More broadly, the Republicans vying to define the party’s post-Obama future are coalescing around two different tendencies. The first, which grows out of the tea party movement, is a new fusion of economic libertarianism and populist anti-elitism. This tendency is, in theory, as hostile to Wall Street as it is to Washington, and deeply sceptical of technocratic efforts to streamline or fix government. The second, rooted in statehouses across the country, is a reform conservatism that aims to modernize government with an eye toward shoring up families and communities buffeted by economic and cultural change.

At its heart, the clash between the libertarians and the reformers is over the widening opportunity gap that separates Americans with the skills and the networks they need to flourish from those who are languishing on society’s margins.

For most of the Obama years, Republican politicians have been far more focused on debt and deficits than upward mobility, a development perfectly distilled by Mitt Romney’s now-notorious remarks about writing off the “47 percent” who do not earn enough to pay federal income taxes. But with middle-income voters growing more anxious about their economic prospects, the opportunity gap is now too big to ignore.

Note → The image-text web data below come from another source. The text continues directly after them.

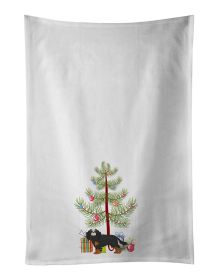 NEW Cavalier King Charles Spaniel Christmas Tree Kitchen Towel Set of 2 White Dish Towels Decorative Bathroom Hand towel for Hand, Face, Hair, Yoga, T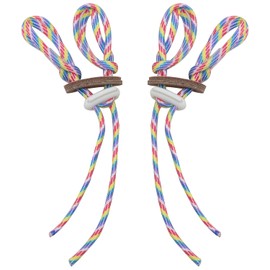 FMHXG 2PCS Competitive Shooting Accurate Light Bow Finger Rope Recurve Bow Guard Rope Wrist Rope Protective Rope Colorful Long 14cm Shooting Archery Accessories Adjustable Recurve Bow Rope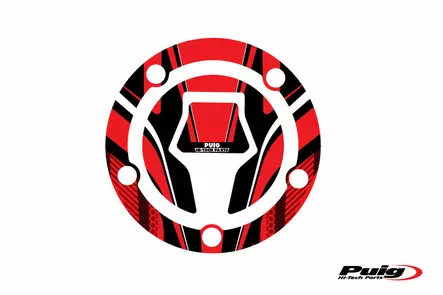 Puig Fuel Cap Cover Mod. Radikal Suzuki C/Red - Duell MP varaosat ja tarvikkeet - 91087 - 1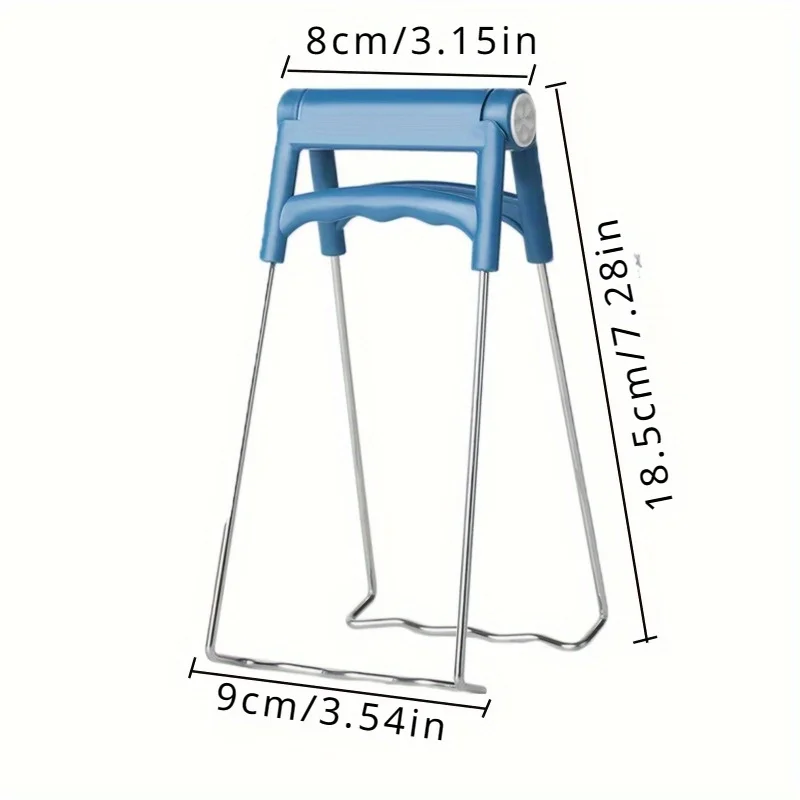 1pc Kitchen Tongs with Silicone Handle: Anti-Scalding Clip for Hot Bowls, Pots, Plates & More!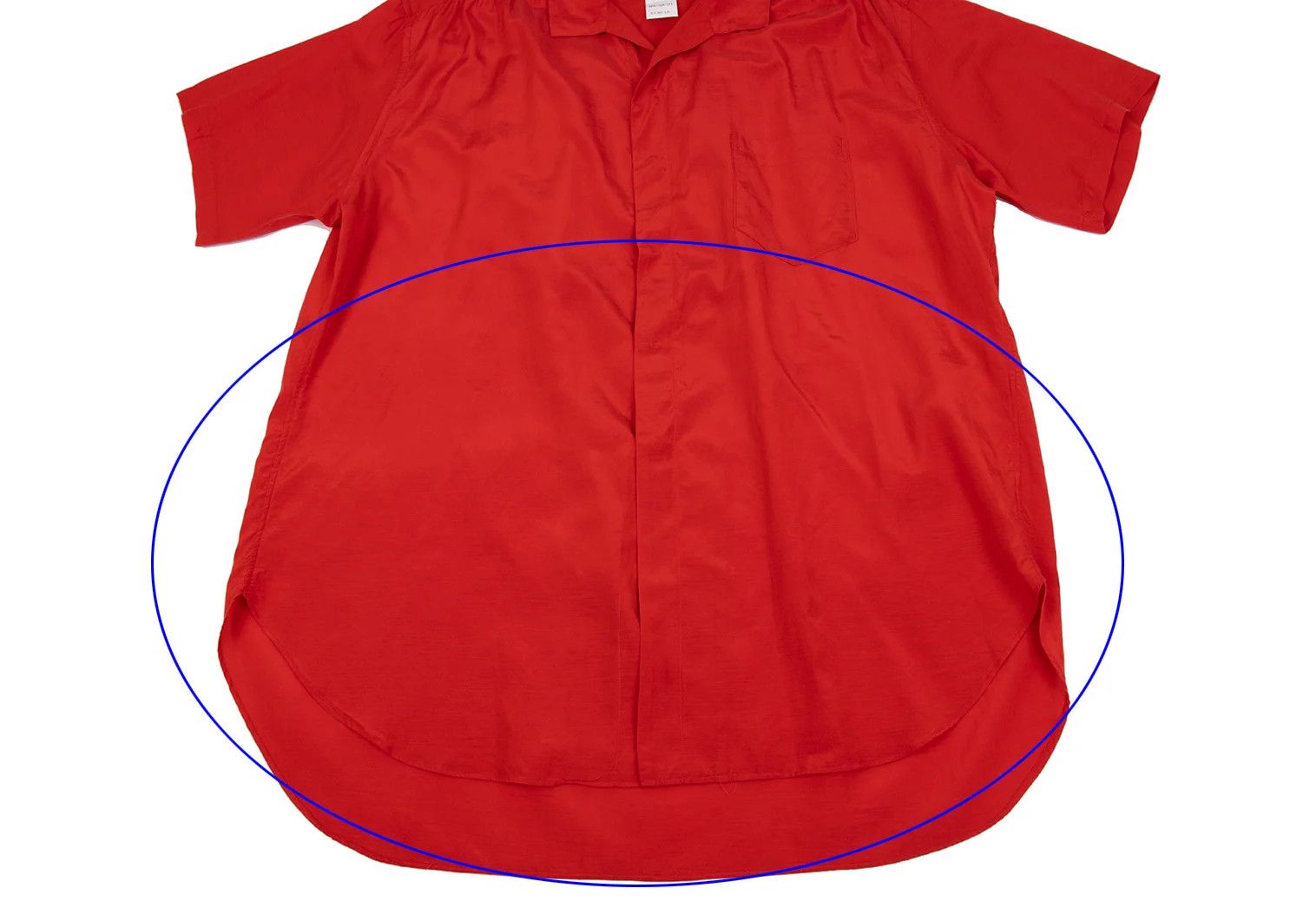 Yohji Yamamoto Yohji Yamamoto Gathered Open Collar Shirt Red Size US M / EU 48-50 / 2 - 7 Thumbnail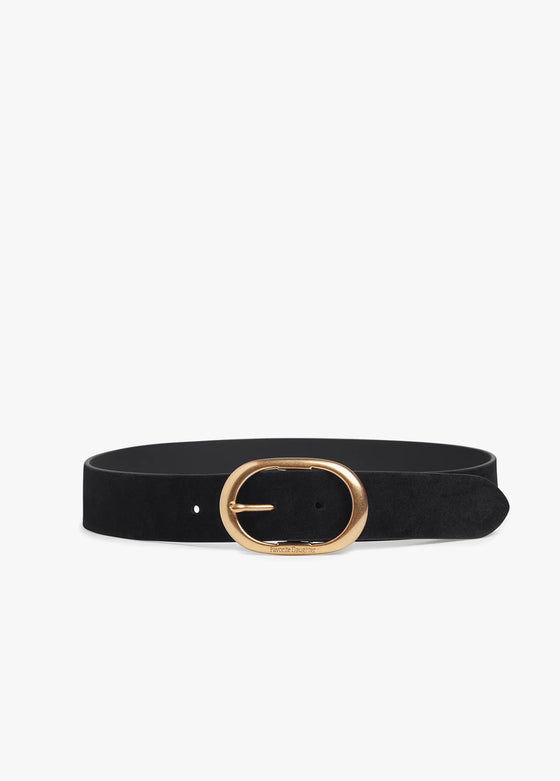 Suede Jean Belt Black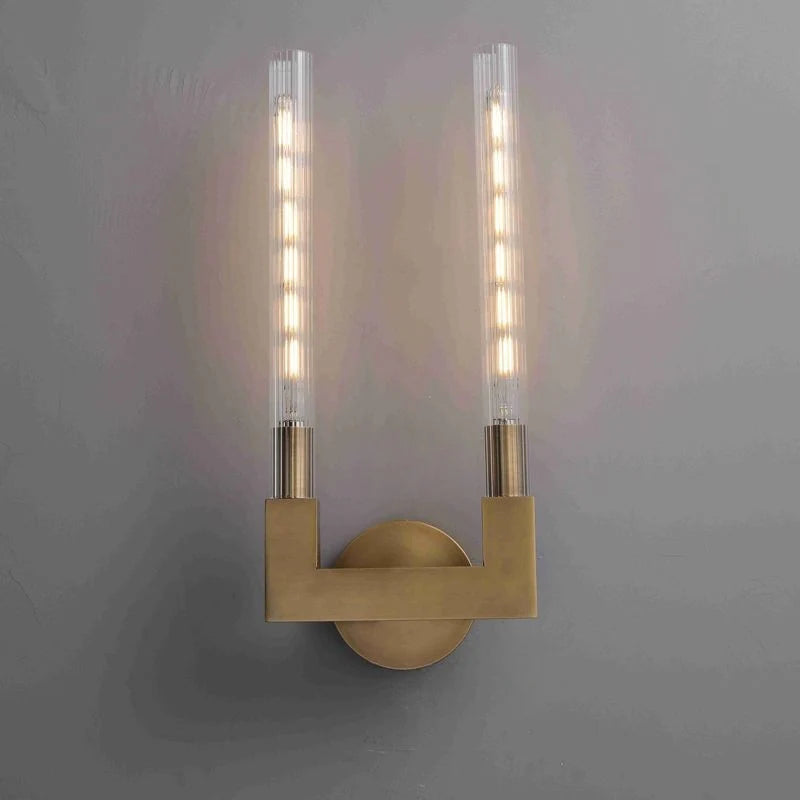 Moderne Glas Dubbele Hoofd LED Wandlamp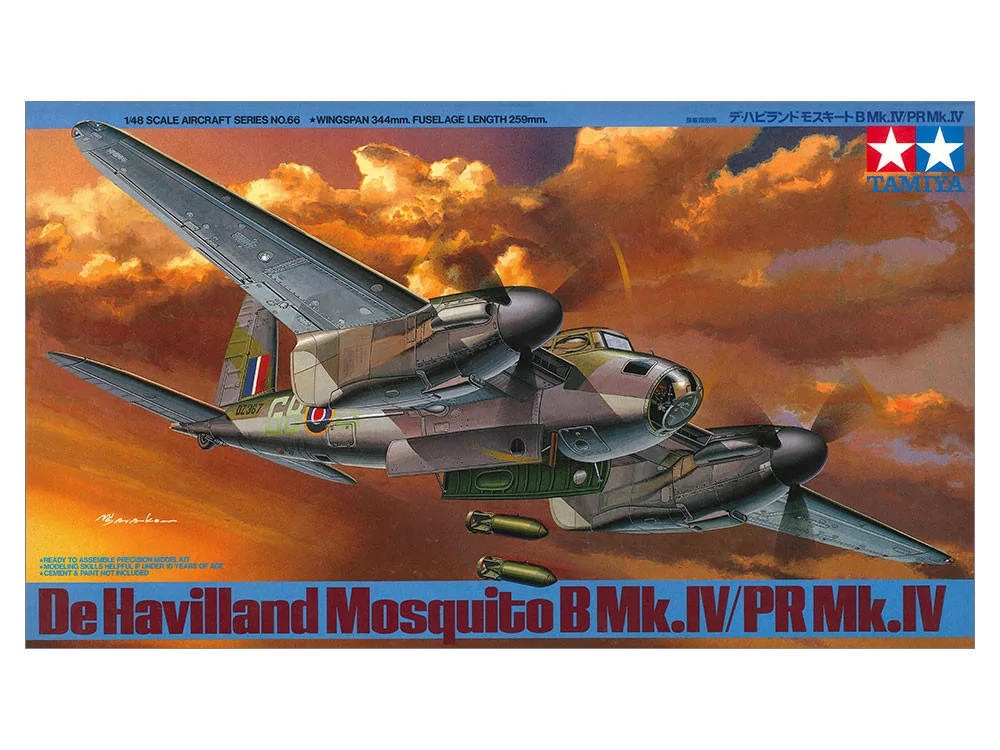 Tamiya 1/48 De Havilland Mosquito B Mk.IV/PR Mk.IV Airplane Model Kit TAM61066_2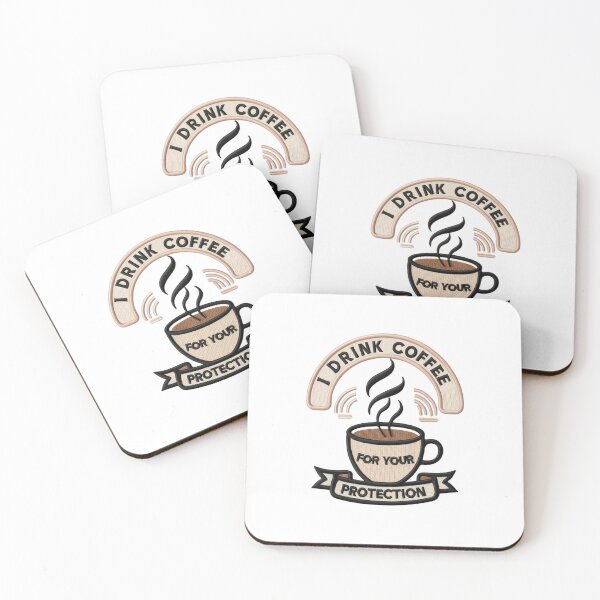 Item preview, I Drink Coffee For Your Protection Embroidered Patch Design designed and sold by ArtDesignTp.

Texas Sen. Ted Cruz, who has emerged as a darling of the right, often speaks of “opportunity conservatism,” a government-shrinking agenda of school vouchers and labor market deregulation designed to better the lives of the poor. Sen. Paul argues in the same libertarian vein, while Paul Ryan, the 2012 Republican vice-presidential nominee, has been trying to reconcile his free-market ideals with the demands of social justice. What these figures all share is a reluctance to compromise their small government ideals in service to closing the opportunity gap.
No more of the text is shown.